To put the data cap in perspective, we had a Sprint Overdrive for several months. The Overdrive is a 3G/4G hybrid device that automatically connects to 4G when it is available, and 3G the rest of the time. In the year that we had the Overdrive, we were only in a 4G area once, for a few minutes. So we were subject to the 3G data cap every month. We had two computers connected to the device and were careful to avoid watching streaming video or listening to music. We turned off our automatic updates, and used settings in our browsers to prevent videos from automatically loading. Despite these precautions, we exceeded our usage twice, both at a significant cost.
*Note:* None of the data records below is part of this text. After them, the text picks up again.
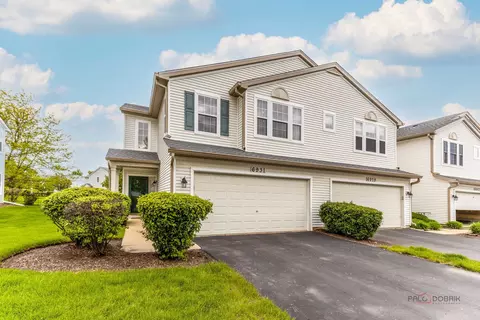 Exterior - 6931 Creekside Dr, Plainfield, IL 60586 photo 3 of 10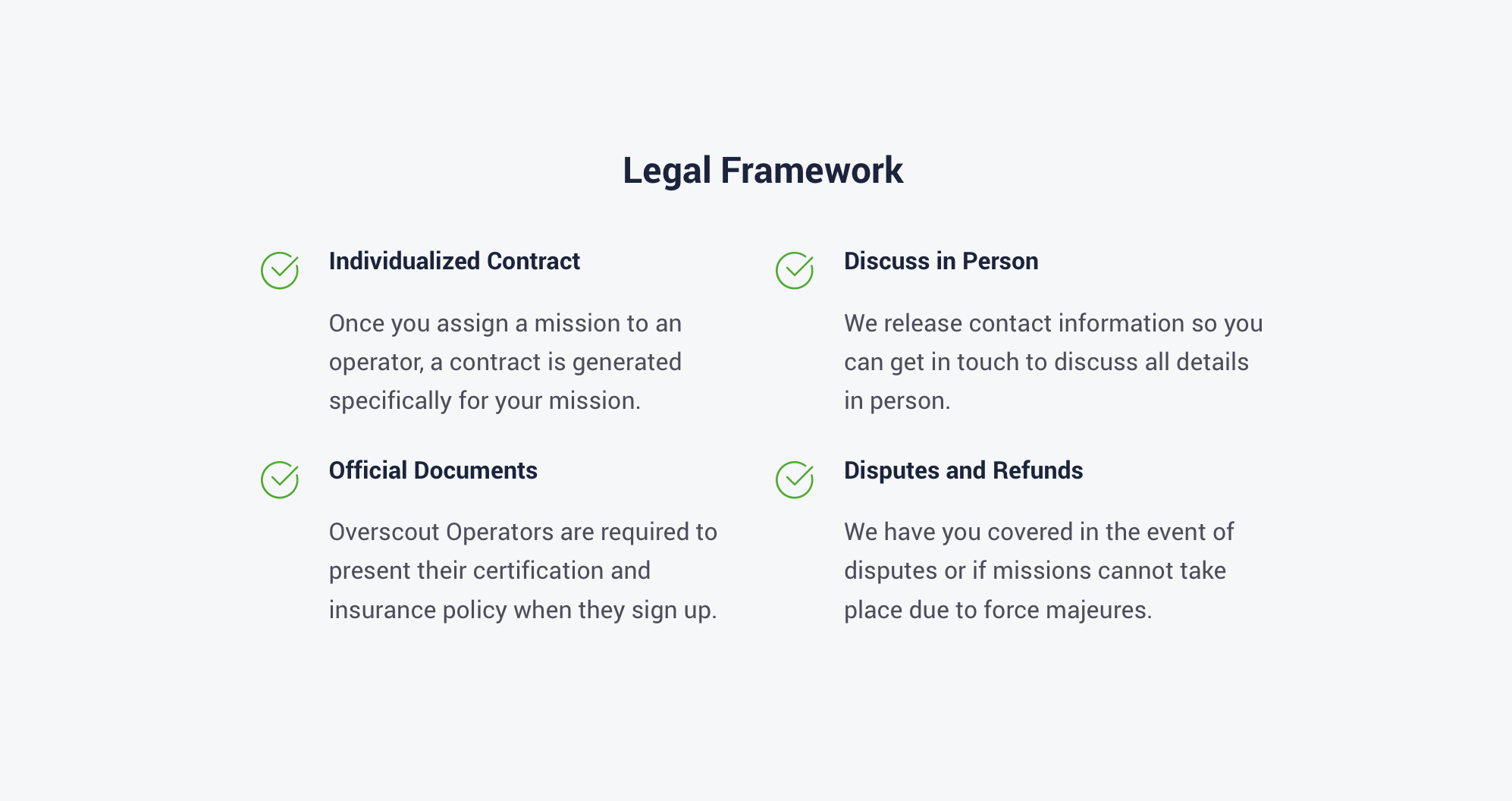 Overscout gallery image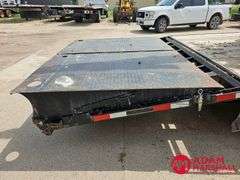 2019  Titan  Flatbed  Trailer - 32FT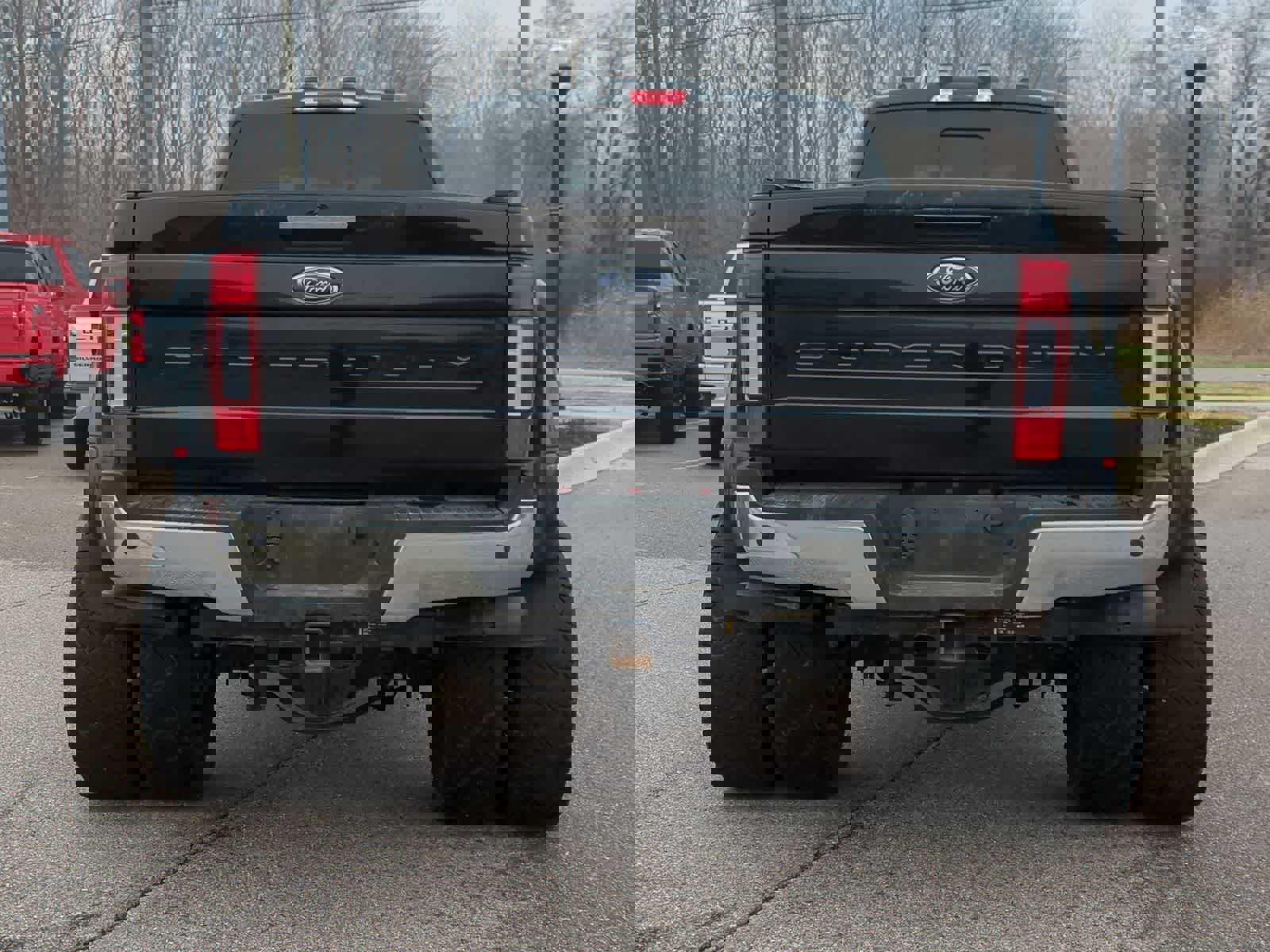 Used 2022 Ford F350 Lariat w/ Lariat Ultimate Package image 7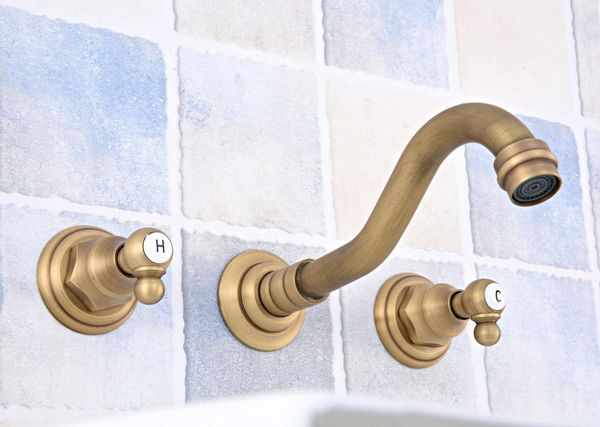 bathroom sink faucets antique brass widespread wall-mounted tub 3 holes dual handles kitchen basin faucet mixer tap asf528
bathroom sink faucets antique brass widespread wall-mounted tub 3 holes dual handles kitchen basin faucet mixer tap asf528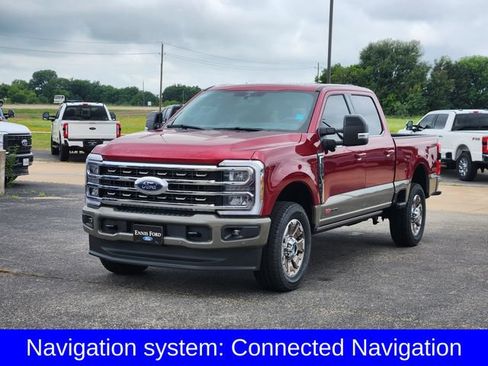 New 2026 Ford F250 King Ranch AWD/4WD image 3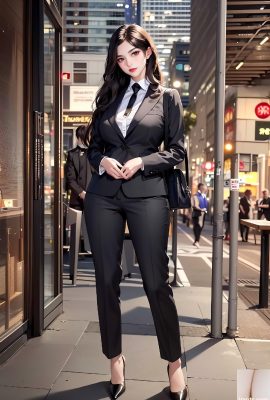 Bộ đồ màu đen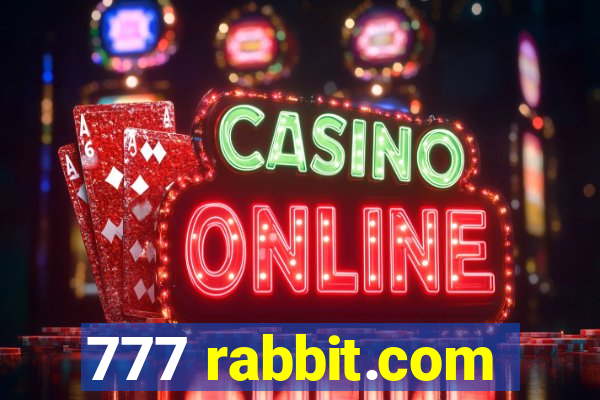 777 rabbit.com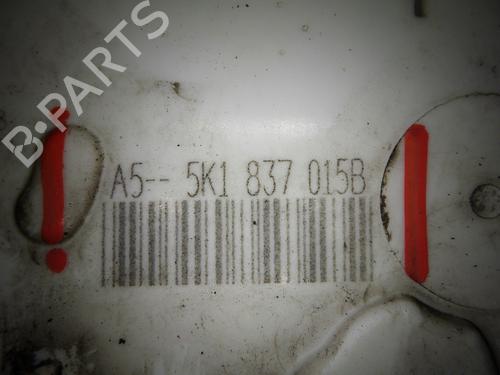 Front left lock VW GOLF VI (5K1) 1.2 TSI | BP18823580C98 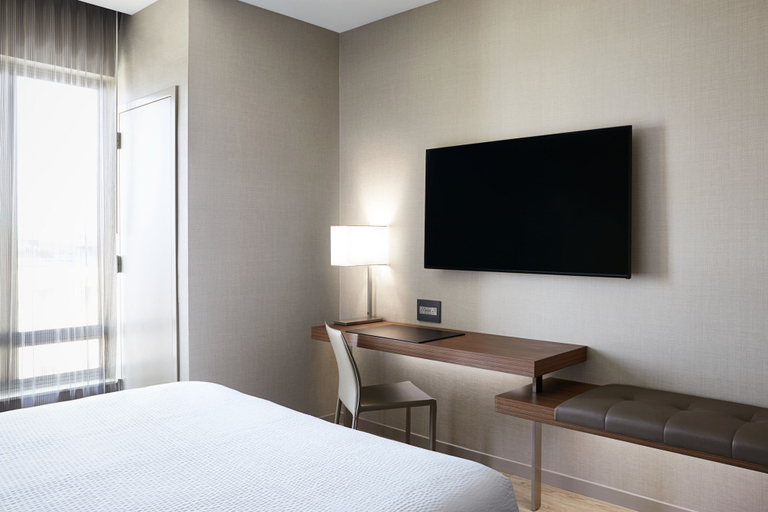 Bedroom 3, AC Hotel Bloomington Mall of America, Hennepin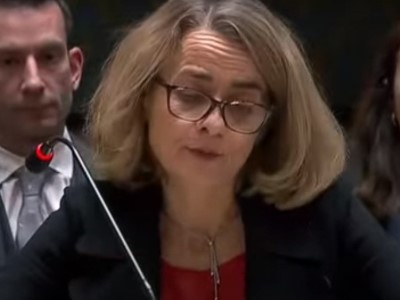 France calls for unconditional resumption of traffic along Lachin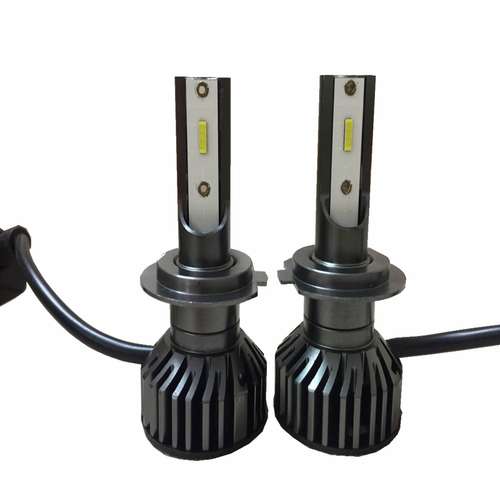 لامپ هدلایت خودرو کد h7 بسته دو عددی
The major advantage to mobile broadband is the ability to use the service while traveling down the road. Dad usually drives, and I am able to settle back in my seat and write articles as we go. The air card works about as well as a cell phone–sometimes the signal drops when we enter a remote area, and the speed varies according to our distance from a cell tower. However, I have successfully connected from deep within a state park.
Satellite internet is the most expensive but most reliable option for long-term travelers. If you have an RV or house boat, you can have a dish permanently mounted, preventing the need to set it up and tear it down each time. Some systems also offer automatic pointing, saving you time in determining the proper coordinates.
The initial cost outlay is significant for a permanently mounted system, ranging from $3,000 to more than $20,000. Monthly fees range from $40 per month for a consumer-grade plan with a daily download cap of 200 megabytes to nearly $1000 per month for a commercial-grade plan with no download caps.
Due to price, we have decided not to invest in portable satellite internet at this time. We currently use the Virgin Broadband2Go mobile broadband service. Once the 5 gigabyte data limit kicks in next month, we may weigh our options yet again. The price of satellite equipment has fallen dramatically in the past five years, and we hope that it will continue to fall. Until and unless that happens, however, we will continue to use a mix of mobile broadband and Wi-Fi.